The trespass complained of consisted of deadening and cutting down the timber on twenty acres of land, hot enclosed; and which was proved to be included within the patent of Thomas Swearingen, for five hundred acres, dated in December, 1785, under which McGowan claimed title, by deed from Andrew Swearingen, dated in September, 1806; and also within the "patent of Jacob Myers, for five hundred acres; the date of which was a matter of contest between the parties; and within the patent of J. C. Owings, for four hundred acres, dated in 1799; under the two last of which, the plaintiff claimed title — it being admitted, that he had acquired title under Owings’ patent, in 1817, and under that of Myers, at some period not fixed; either by admission or proof,

The copy of Myers’ patent, read by the plaintiff, bears, date the 12th day of May, 1785, “in the tenth year of the Commonwealth,” and is properly certified from the Register’s office. A copy of the same patent, certified in the same manner, and by the same person, was read by the defendants, dated on the 12th day of May, 1786, and in the tenth year of the Commonwealth.

The defendants also read a certified copy of the certificate of survey on which the patent of Myers issued, [66]*66showing that the survey was made in 1784. And for the purpose of fortifying the copy of the patent read by them, as being the true copy in point of date, offered to read an endorsement on the copy of the survey, stating that the grant had issued on the 12th of May, 1786. But the reading of it was objected to by the plaintiff, and refused by the Court; The propriety of which refusal presents the first question to be considered.

Instructions.

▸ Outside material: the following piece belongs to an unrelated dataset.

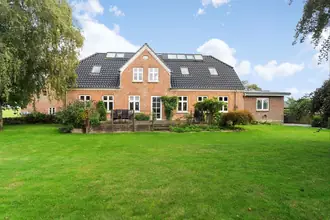 Landejendom på Båstrupvej 19, 8722 Hedensted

Two papers being produced, not alike, but both purporting to be true copies of the same patent—whether the one, or the other, is the true copy, is a question of fact. The period from which Virginia dates her existence as a State, is matter of law, as well as of fact. A paper certified as a true copy of a patent, bearing date in 1785, and the tenth year of the commonwealth (which was 1786,) may agree with the original; or one bearing date in 1786, and the tenth year of the com’th (corresponding dates,) may be a true copy: which is so, is a question of fact; a jury may be justified in finding in favor of the former, but it is not matter of law, as to which the court can give them instructions.

[66]*66The certificate of the Register, verifying the copy of the original survey, does not appear to embrace this endorsement on the copy; nor is it otherwise certified or proved to be a copy of any endorsement or memorandum attached to the original; nor does it appear by whom it was made on the copy read. For these reasons which seem to have been given by the Circuit Court, we think the endorsement was not evidence and wag properly rejected.

After the introduction of evidence by each party relating to the possession of the land in controversy, and after several instructions were given on motion of the plaintiff — the defendants moved the Court to instruct the jury, that the copy of Myers’ patent read by them was the true copy; and also, that the patent of Swearingen was the eldest. But the Court refused the instructions; and this refusal is urged as a ground of reversal.

It seems to us, however, that the question, which of these copies is the true copy of the original patent, is one of fact, and not of mere law. The period from which the Commonwealth of Virginia dates her existence must, indeed, be considered as a matter of law, as well as of fact; and the Court might properly have been called on to instruct the jury on that point. But this does not settle the question of verity between the two copies, each of which is certified to be a true exemplification of the original. The patent, like other public official papers, is dated, not only with reference to the year of our Lord, but also with reference to the year of the Commonwealth. The copy read by the plaintiff, was inconsistent in its reference to these two epochs, in as much as the 12th day of May, 1785, was not in the 10th, [67]*67but in the 9th, year of the Commonwealth. But, although the patent could not have issued on the 12th day of May, 1785, and in the 10th year of the Commonwealth, it may, whenever issued, have borne that date on its face. And the certified copy, read by the plaintiff, conduced to prove that it did bear that date. It may be deemed more probable that the inconsistency existed by mistake in the copy only; and this probability may be increased by the production of another certified copy showing no such inconsistency. But all that can be said between those two official copies, is that the weight of probabilities is in favor of the verity of that one which is consistent with itself. On this ground the jury might have been justified in finding the copy read by the defendants, to be the true one; the Court could not instruct them, as a matter of law, that it was so.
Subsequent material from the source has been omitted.